--- START ---
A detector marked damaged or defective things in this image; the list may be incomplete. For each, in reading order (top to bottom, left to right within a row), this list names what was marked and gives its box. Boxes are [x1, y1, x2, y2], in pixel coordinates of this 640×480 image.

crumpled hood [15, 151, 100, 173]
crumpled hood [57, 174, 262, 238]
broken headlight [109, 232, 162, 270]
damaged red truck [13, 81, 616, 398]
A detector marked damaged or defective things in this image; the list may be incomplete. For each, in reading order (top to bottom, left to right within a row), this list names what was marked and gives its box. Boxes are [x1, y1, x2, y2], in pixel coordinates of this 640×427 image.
--- END ---
--- START ---
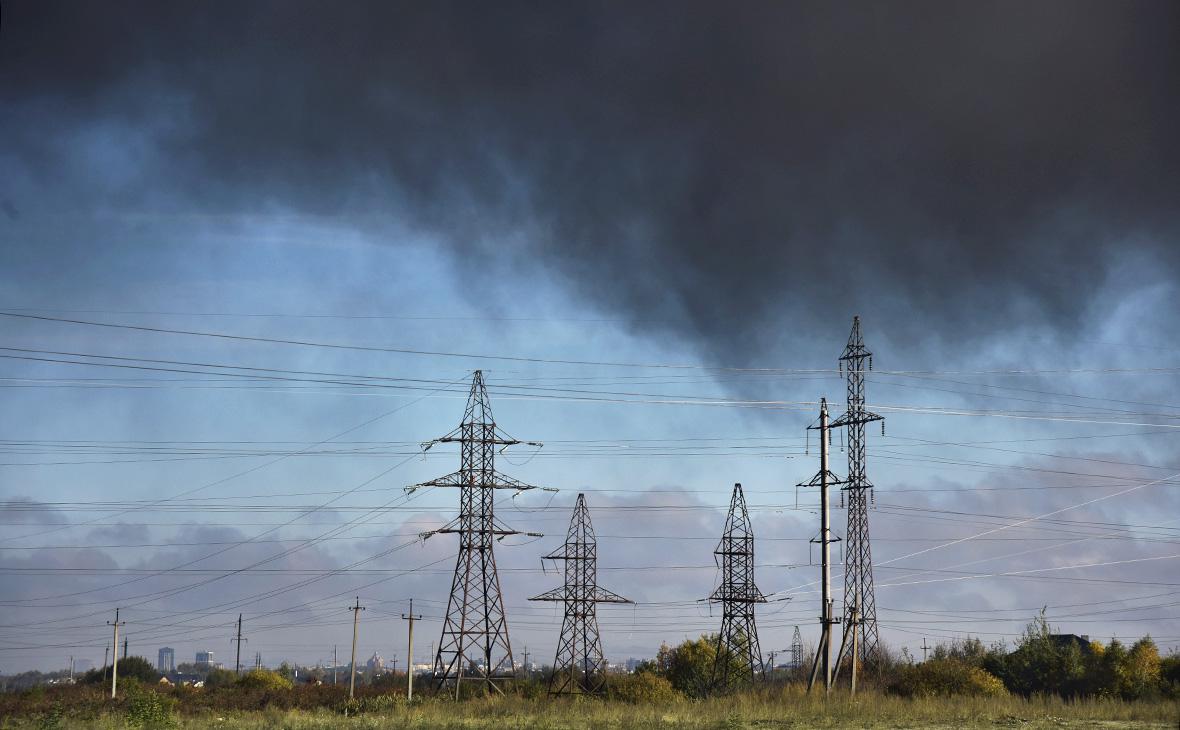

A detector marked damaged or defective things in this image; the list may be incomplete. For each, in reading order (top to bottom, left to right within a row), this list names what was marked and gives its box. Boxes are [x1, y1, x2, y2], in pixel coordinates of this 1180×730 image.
--- END ---
--- START ---
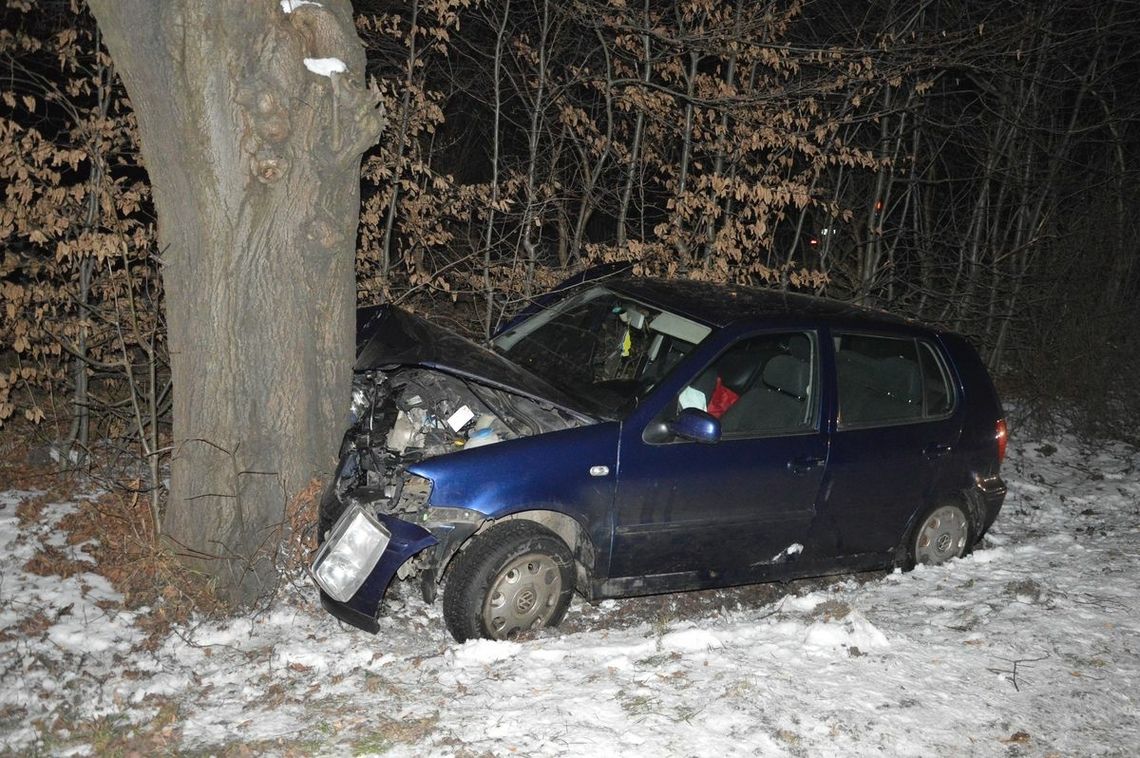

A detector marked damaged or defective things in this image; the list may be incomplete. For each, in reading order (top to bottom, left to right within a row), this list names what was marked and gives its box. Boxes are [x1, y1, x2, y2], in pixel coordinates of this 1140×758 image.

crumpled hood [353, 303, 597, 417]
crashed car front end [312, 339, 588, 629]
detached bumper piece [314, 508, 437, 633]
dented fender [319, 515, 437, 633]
--- END ---
== WHAT IS EXPECTED ==
Lines to set down from above: the line with "this 640×480 image.", the line with "this 640×427 image.", and every line between, each exactly as written.

== ANSWER SPACE ==
A detector marked damaged or defective things in this image; the list may be incomplete. For each, in reading order (top to bottom, left to right within a row), this list names what was marked and gives its box. Boxes are [x1, y1, x2, y2], in pixel coordinates of this 640×480 image.

crumpled hood [15, 151, 100, 173]
crumpled hood [57, 174, 262, 238]
broken headlight [109, 232, 162, 270]
damaged red truck [13, 81, 616, 398]
A detector marked damaged or defective things in this image; the list may be incomplete. For each, in reading order (top to bottom, left to right within a row), this list names what was marked and gives its box. Boxes are [x1, y1, x2, y2], in pixel coordinates of this 640×427 image.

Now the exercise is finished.